*What is needed*: In the records that follow, find the line with "2 bed, 1 bath"; from there, retype every line exactly through the line with "Used 2021 Toyota 4Runner SR5 RWD image 11", which also belongs to the answer.
____ Input
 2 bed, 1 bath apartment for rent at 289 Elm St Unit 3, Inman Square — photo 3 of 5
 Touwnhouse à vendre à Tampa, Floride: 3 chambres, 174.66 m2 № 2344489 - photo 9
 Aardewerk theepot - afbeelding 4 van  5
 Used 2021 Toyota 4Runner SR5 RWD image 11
________
____ Input
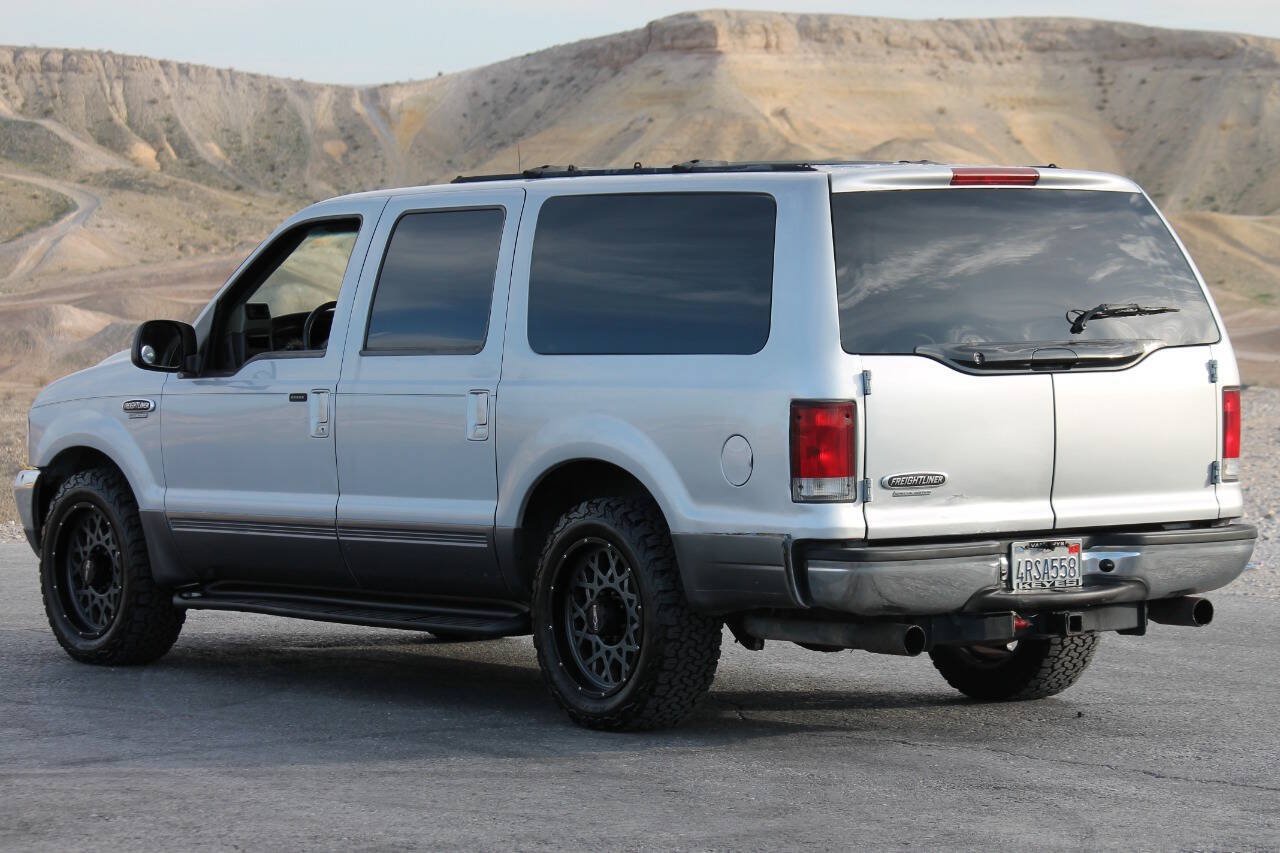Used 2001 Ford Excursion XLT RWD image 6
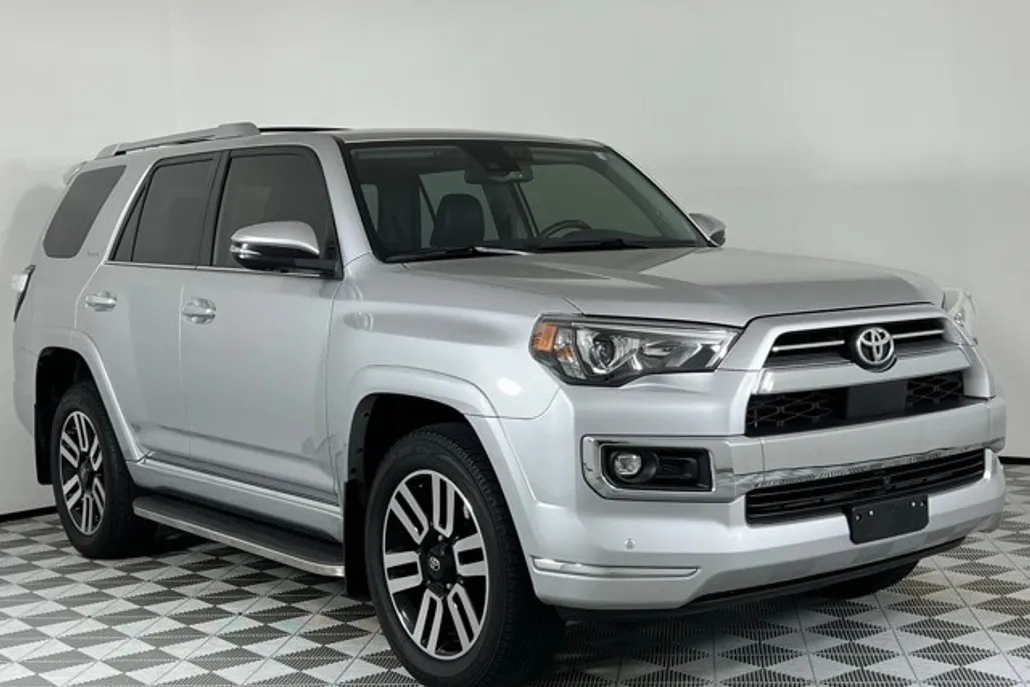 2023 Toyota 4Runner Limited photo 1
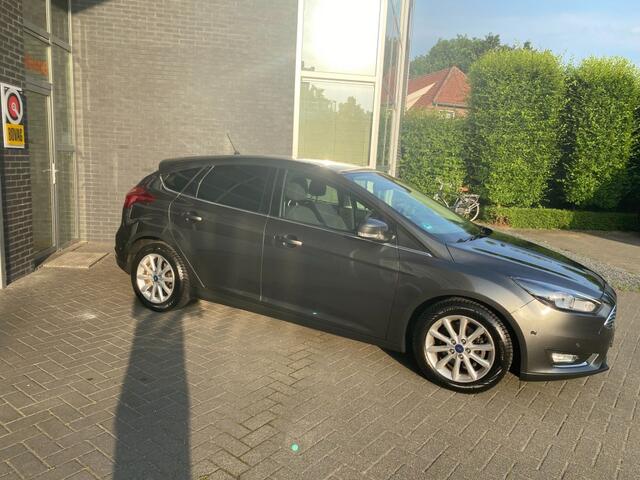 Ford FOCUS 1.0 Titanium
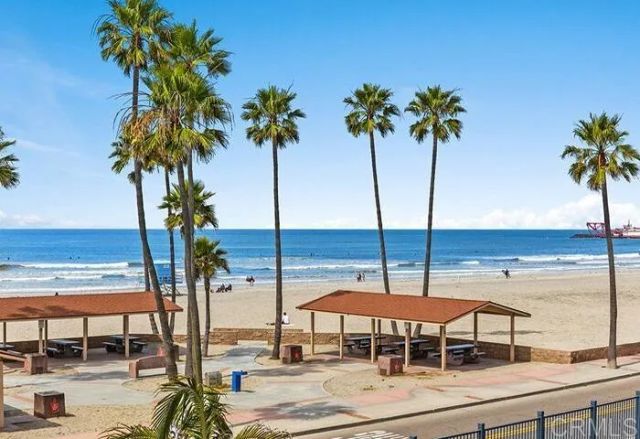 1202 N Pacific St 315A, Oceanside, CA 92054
________
*Expected output*:
 2 bed, 1 bath apartment for rent at 289 Elm St Unit 3, Inman Square — photo 3 of 5
 Touwnhouse à vendre à Tampa, Floride: 3 chambres, 174.66 m2 № 2344489 - photo 9
 Aardewerk theepot - afbeelding 4 van  5
 Used 2021 Toyota 4Runner SR5 RWD image 11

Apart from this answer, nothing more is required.